Though so far there have not been any indications that the shooter’s actions were racially motivated, most of the victims in the Uvalde shooting were Latinos. Nearly 90% of the students who attend Robb Elementary School are Latinos, according to Uvalde Consolidated Independent School District data. Nationally, more than 4,100 Latinos die each year from gun violence, are two times more likely to die of gun homicide in the U.S. than white people, and are four times more likely to be wounded by a gun than white people, according to Everytown For Gun Safety, a nonprofit organization that advocates for stricter gun control measures and researches gun violence. (The impact of gun violence on Latinos comes second only to the amount of gun violence inflicted on Black people in America.)
Despite the massacre in El Paso, other mass shootings in the state in recent years, and the grim statistics, multiple members of the Uvalde community say their small town always felt like a safe haven.

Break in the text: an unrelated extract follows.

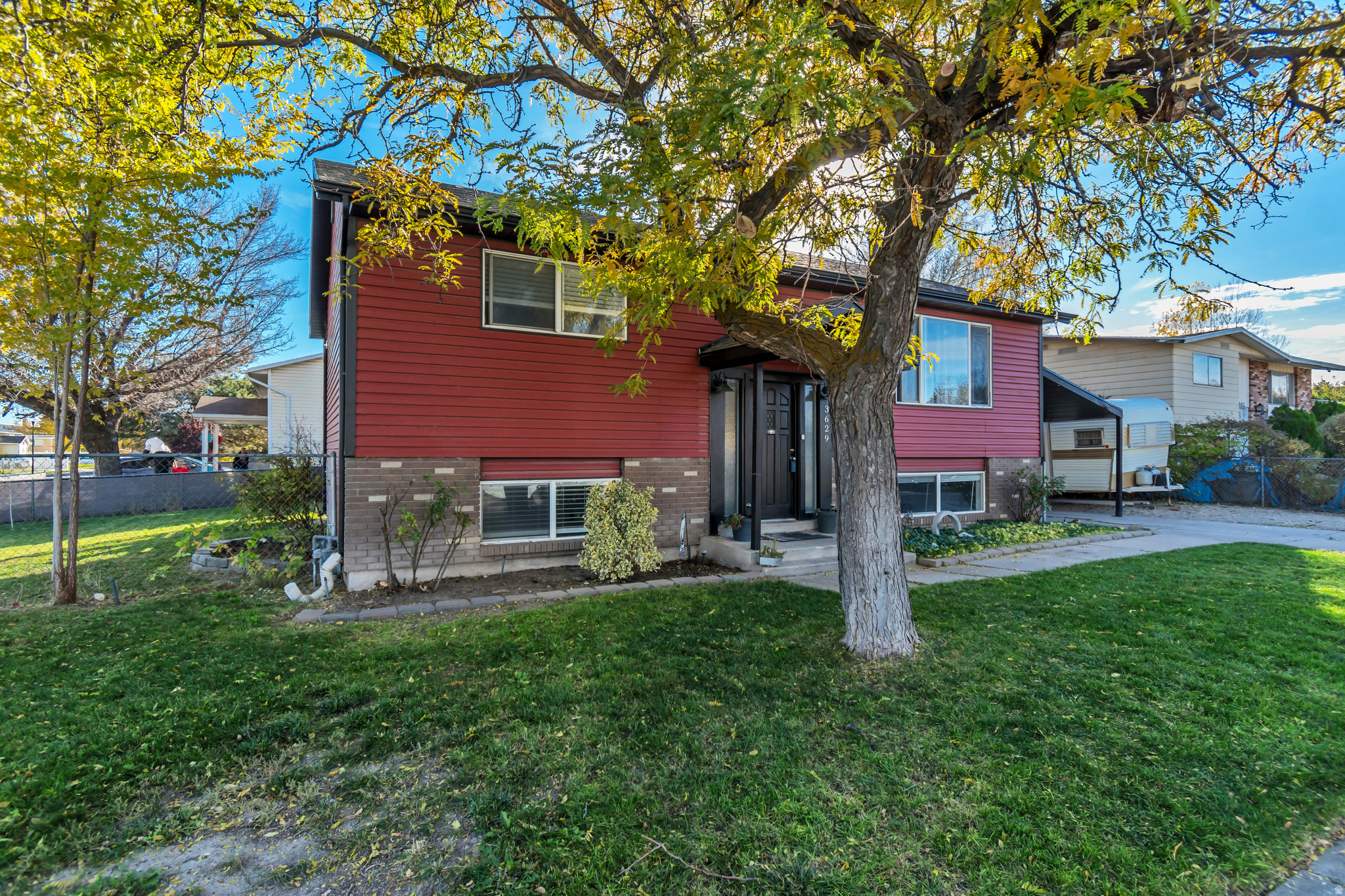 WESTERN HILLS - Residential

But Tuesday’s violence is now forcing a reckoning among some Uvalde residents over the gun laws in Texas, which are some of the most permissive in the country.
“Canada doesn’t have school shootings, the UK hasn’t had a shooting since it enacted gun control laws…and there were red flags going up all over the place for this [shooter],” says Robert Dennis, who was born and raised in Uvalde and says he has always supported owning guns. “My ideas about gun ownership are changing.” Dennis went to the center of town to write “You will be missed” on each of the 21 memorials Thursday morning.
Uvalde is a quiet community, says resident Sofia Aguilar, with relatively little gun violence despite the pervasive hunting culture and popularity of guns in the town. Aguilar says she supports stricter gun control measures. “I’m very distraught,” she says. “People are buying guns to hurt other people.” Aguilar knew one of the victims, 10-year-old Jacklyn Cazares. She wept when she found Jacklyn’s cross in Town Square.
Uvalde County Commissioner Ronald “Ronnie” Garza, who attended Robb Elementary as a kid, says he was also shocked that violence of this nature would take place in Uvalde. “Like any small town, we’ll have an incident here or there, but this is just tragic,” Garza says. He is calling on Texas officials to support stricter gun control measures like background checks and age limits. “The current system isn’t working,” he says. “Something has to be done. We can’t accept the status quo.”